What were your first thoughts when you were approached about allowing Netflix to adapt your Witcher series?

I considered the offer of adaptation with mixed feelings at first. The Polish adaptation of 2001 was, let's say, far from ideal. Very far, in fact. That's why I didn't look at this new offer excessively favorably. My attitude, I confess, was rather lukewarm, if not outright cold. But, step by step, the situation has changed. As they say in TV news: the parties have reached an accord.

The Witcher is Netflix's #2 show after just two weeks, and U.S. sales of your Witcher series are skyrocketing, forcing Orbit to print another 500,000 books to meet demand. Did you expect this kind of a sales surge from the adaptation, or was it a surprise to you?

Honestly? I was optimistic, of course, but did not expect such results. Nothing at such scale. The wheel of fortune turns in my favor.
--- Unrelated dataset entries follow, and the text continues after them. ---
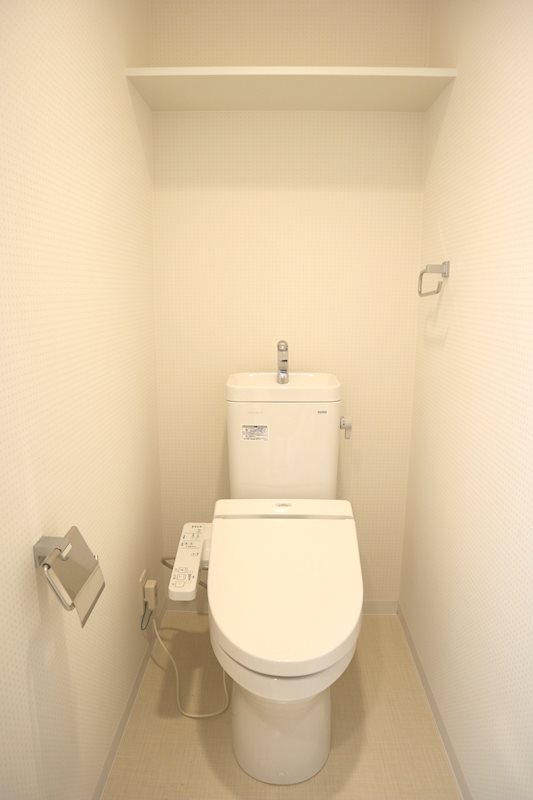 コンフォール京橋 毎日使う場所は、清潔さが大事！！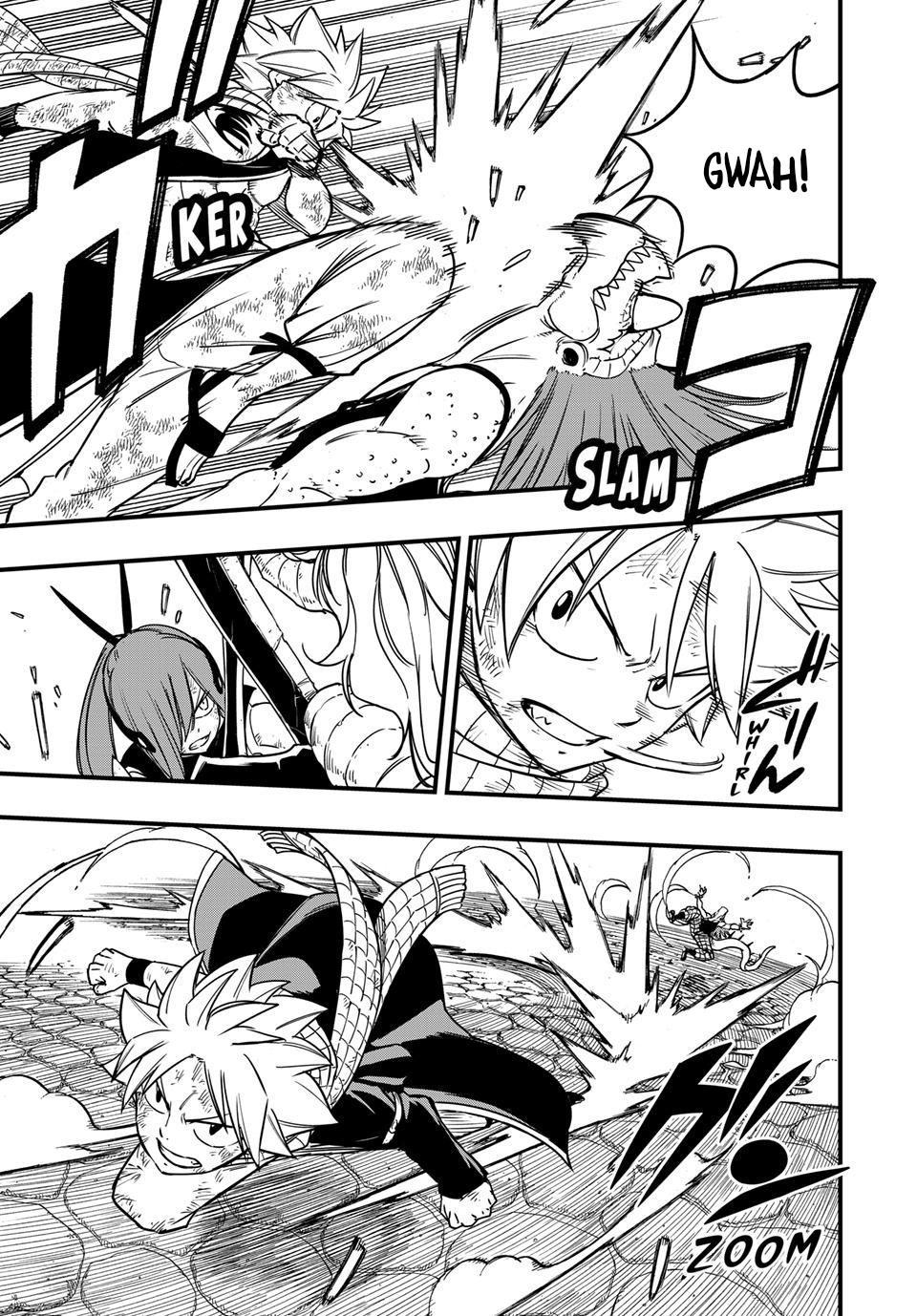 FAIRY TAIL: 100 Years Quest Capítulo 183 Página 21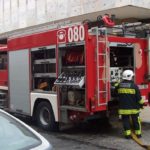 USO avisa de una posible huelga de bomberos en Badajoz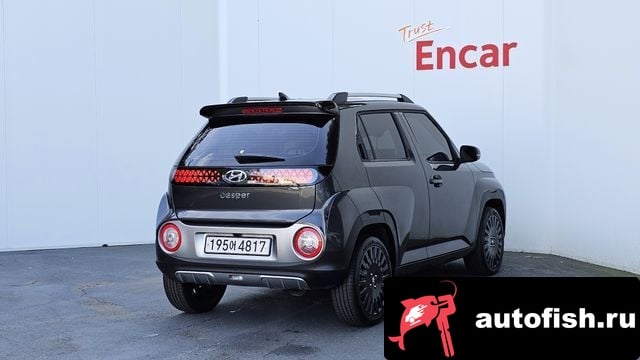 Hyundai Casper Casper 2023 года - вид 2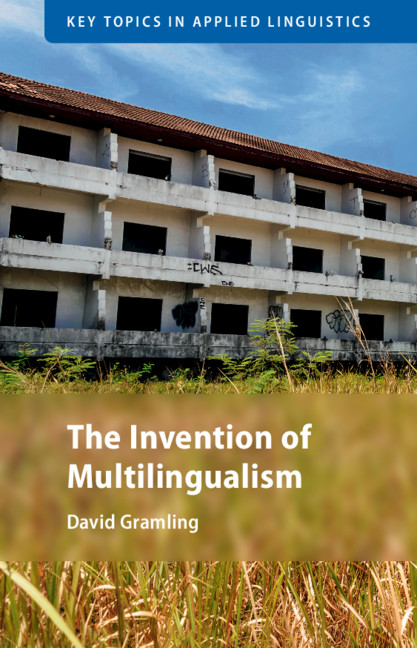 Justice And Injustice Chapter 3 The Invention Of Multilingualism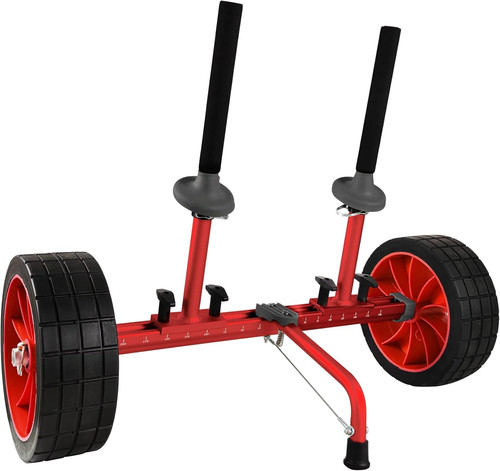 Carrello per kayak - carrello, sit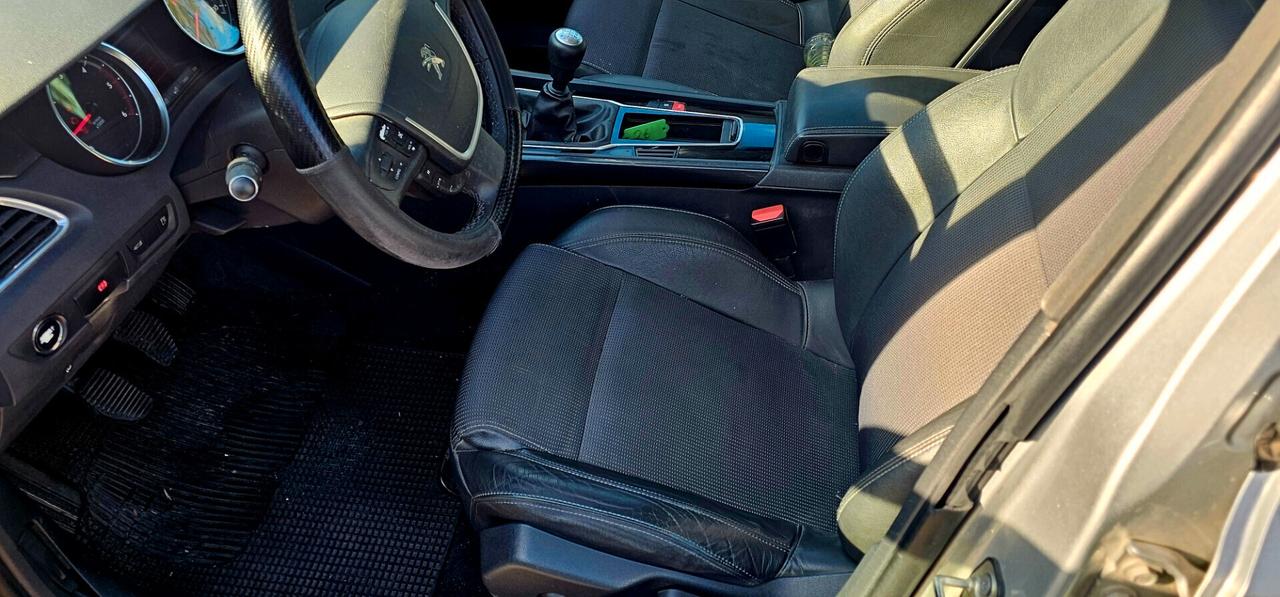 Peugeot 508 BlueHDi 150 S&S SW Business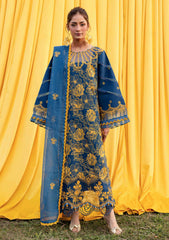 Lawn - Parishay - Shangrila - Summer Edit - SHG25#01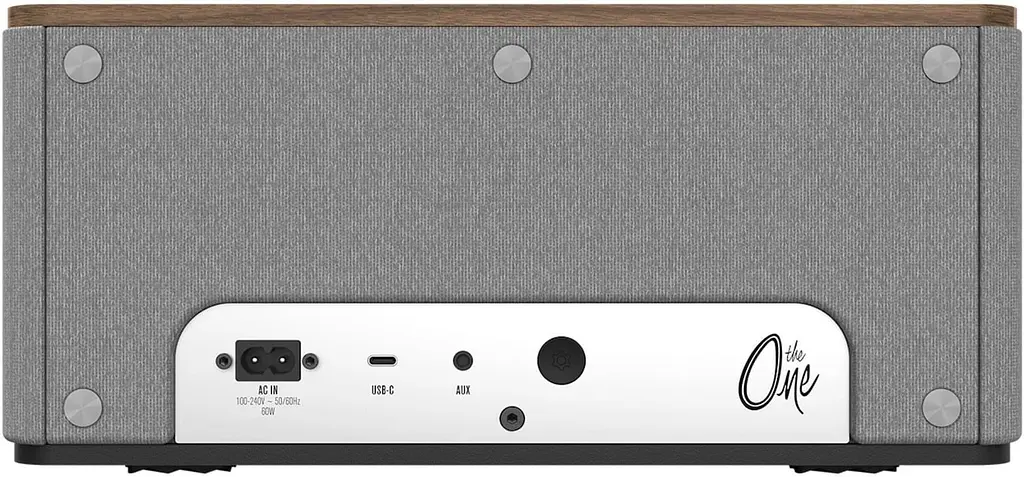 Акустическая система Klipsch Home Audio System The One Plus Walnut (1071965) - фото 4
For the moment.

What do you think is resonating with audiences about your Witcher books and their adaptations right now, in the political/cultural climate of 2020?

I am a bit puzzled to understand what political climate has to do with my books or their adaptations. I personally abhor politics and try to stay as far as I can from it. I consider my books politically neutral. And if by "cultural climate" you mean growing popularity of fantasy literature and movies, I agree, fantasy is ascendant. It wins more and more fans, even among people who weren't particularly fond of the genre so far.

Many of the monsters found in your Witcher series are named after, or based on, creatures from Slavic mythology. Can you talk a bit about your work's major cultural and literary influences?

I am Polish, but in my writing I do not give any preference to Slavic mythology. It is in fact very rich and abundant, therefore I use it profusely, that's for sure. But I do not forget other mythologies, folklores nor bestiaries. It all depends on what is needed—or necessary—to the story I am telling. Is it Russian kikimora or is it Portuguese bruxa or is it Japanese kitsune or the Arabian roc? The story dictates the necessity. And, mostly, I put aside existing mythologies and invent something myself. From scratch, so to say. Nothing serves the story better than one’s own invention.

Does all this attention mean a new Witcher book will be in the works soon? What else are you working on?

My future plans are vague, nothing is fixed yet. I have some plans for a new Witcher, and also some for historical fantasy. The latter includes my Hussite Wars trilogy, the first part of which, The Tower of Fools, is to be released in English by Orbit later this year.